I lunged across the bar. “Essie!” I barked into the phone. “Do not let Mom give him free pie! Do you hear me? No free—”
Janie snatched the phone back. “I’ll handle him, don’t worry—” She smacked my hand as I reached for her phone again and pivoted out of reach. “Gotta go. Bye!”
I had my own phone out before Janie turned around again. It went straight to Mom’s voice mail. Frowning, I pushed to my feet.
“Sit your ass back down, Jack,” Janie ordered. “Let your mom have some fun.”

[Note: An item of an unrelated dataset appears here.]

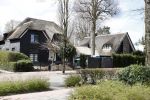 Blaricum 13 april 2021
Het oude huis van Marco en Leontine Borsato in Blaricum wordt helemaal verbouwd.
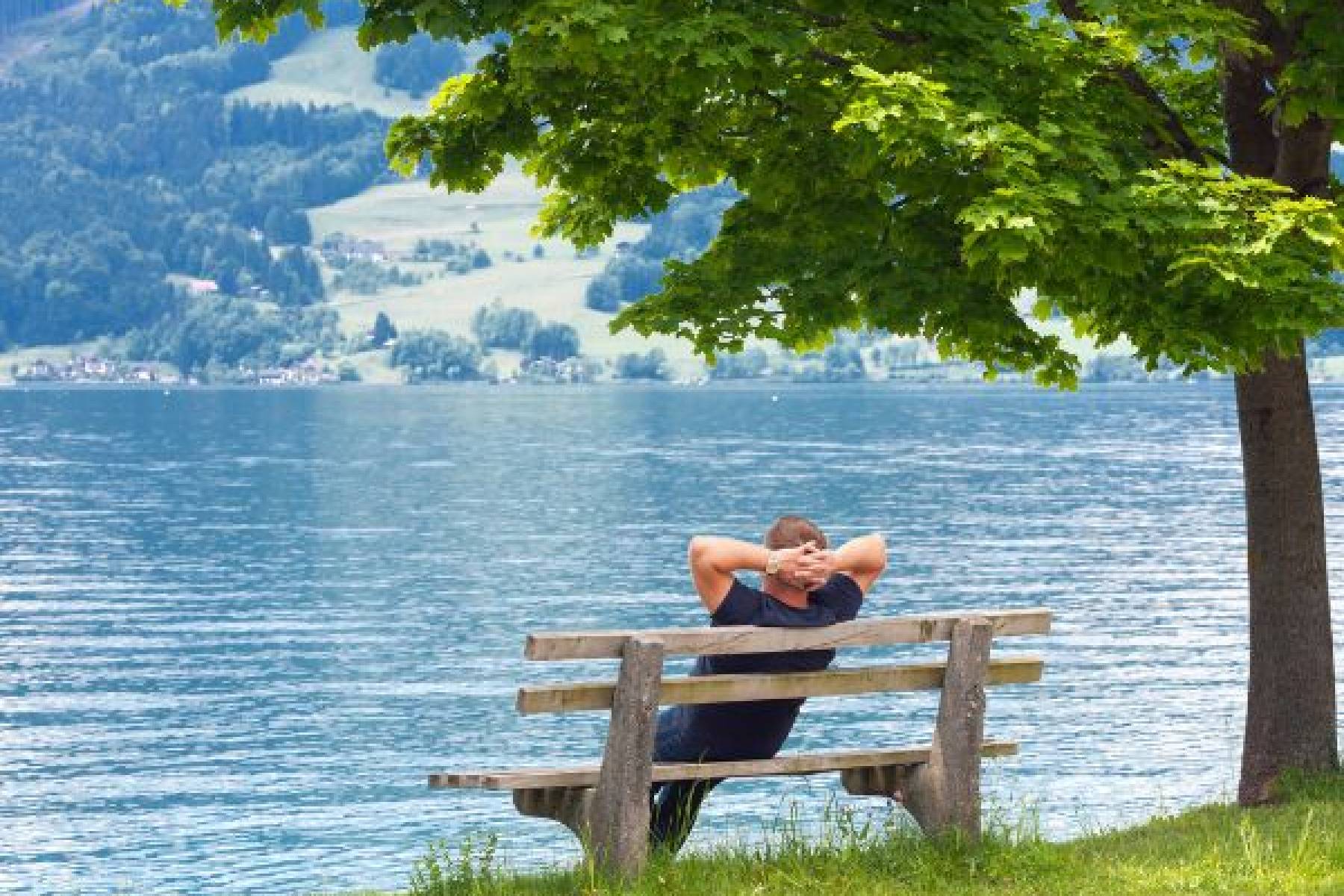 Jak zaplanować wypoczynek nad jeziorem i wykorzystać jego atrakcje wakacyjne?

I made a face, but I sat. I didn’t want to leave her alone here with no one but Saul for protection, anyway. “I don’t like this guy. He’s too young for her, plus he’s a widower. He wants a maid, not a friend. Someone to help raise his two daughters. That, and free pie.”
Janie snickered. “Have you seen your mom, Jack? She’s hot. He’s not there for the free pie. It’s a different kind of pie he’s interested in.”
“Janie.” I took a deep swig of whiskey, hoping the burn would set fire to the image she had put in my mind, but no such luck. “What a terrible thing to say.”
Unrepentant, she smirked at me over her shoulder before squatting next to the cabinet behind the bar.
“I like it when you say my name like that. All disappointed daddy.” My dick twitched.
Her voice dropped a couple octaves as she growled, “Janie.” Then she giggled and slapped the deck of cards on the bar between us. “All right. What are we playing?”
“War,” I said. I needed something fast-paced to keep my hands occupied.
Because right now, the only thing I wanted was to have my hands full of her.
The trouble was, I already knew exactly how it would feel.
I didn’t have to wonder if her breasts would overflow my palms—I’d already tested it.
I didn’t have to imagine the noises she would make when I teased her—those little breathy moans were already ingrained in my brain.
We’re just getting to know each other, I’d told her.
But my hands already felt like they did.